Nach ständiger Rechtsprechung unterliegt nämlich die eigentliche Bewertung der Prüfungsleistung daraufhin, wie viele Punkte die jeweilige Antwort auf eine Prüfungsfrage verdient, nicht der Nachprüfung durch die Beschwerdekammer, ebenso wenig wie die Kriterien, aufgrund deren die Prüfungskommission die Wertigkeit der erwarteten Antworten auf die Prüfungsfragen bestimmt (vgl. D 7/05, ABl. EPA 2007, 378, Punkt 20 der Entscheidungsgründe). Dies ist gerechtfertigt, weil und soweit für die prüfungsspezifischen Wertungen ein Entscheidungsspielraum wesentlich ist und eine gerichtliche Kontrolle auf eindeutige Rechts- und Ermessens- bzw. Beurteilungsfehler bei der Bewertung der Prüfungsarbeiten beschränkt ist. Die Rechtsprechung in Bezug auf die Vorprüfung wurde im Wesentlichen damit gerechtfertigt, dass die Prüfer bei der Bewertung der Multiple-Choice-Aufgaben der Vorprüfung keinen Ermessens- bzw. Beurteilungsspielraum haben und auch die Vergabe der Punktezahl schematisch und ermessens- bzw. beurteilungsfrei erfolgt.
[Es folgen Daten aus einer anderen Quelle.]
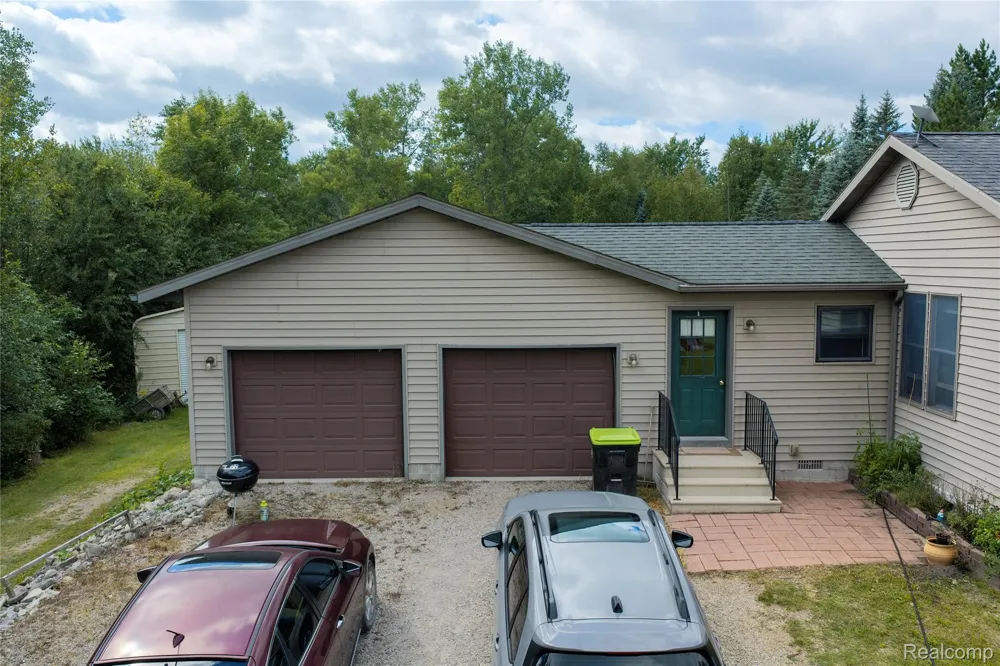 2392 Davis Road Au Gres Township, MI 48703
3.2 Soweit die Beschwerdeführerin beantragte, dass ihre Prüfungsarbeit zu den Ansprüchen 2, 6 und 7 von der Beschwerdekammer neuerlich bewertet und ihrer Prüfungsarbeit mindestens 11, hilfsweise mindestens 6 weitere Einzelpunkte vergeben werden (siehe oben IX b) und c)), erforderte dies – anders als in der Beschwerdesache D 14/17 - eine Bewertung der Prüfungsleistung durch die Beschwerdekammer daraufhin, wie viele Punkte ihre Prüfungsarbeit in Bezug auf den hier maßgebenden Anspruch 2 verdient. Gleiches gilt auch für die Anträge der Beschwerdeführerin, die Prüfungskommission anzuweisen, eine entsprechende Anzahl zusätzlicher Punkte zu vergeben (siehe oben IX d) und e)).

Betreffend die Ansprüche 6 und 7 besteht, wie oben unter Punkt 2.2 ausgeführt, schon gar kein Anspruch auf Neubewertung. Ein solcher besteht einzig in Bezug auf den Anspruch 2.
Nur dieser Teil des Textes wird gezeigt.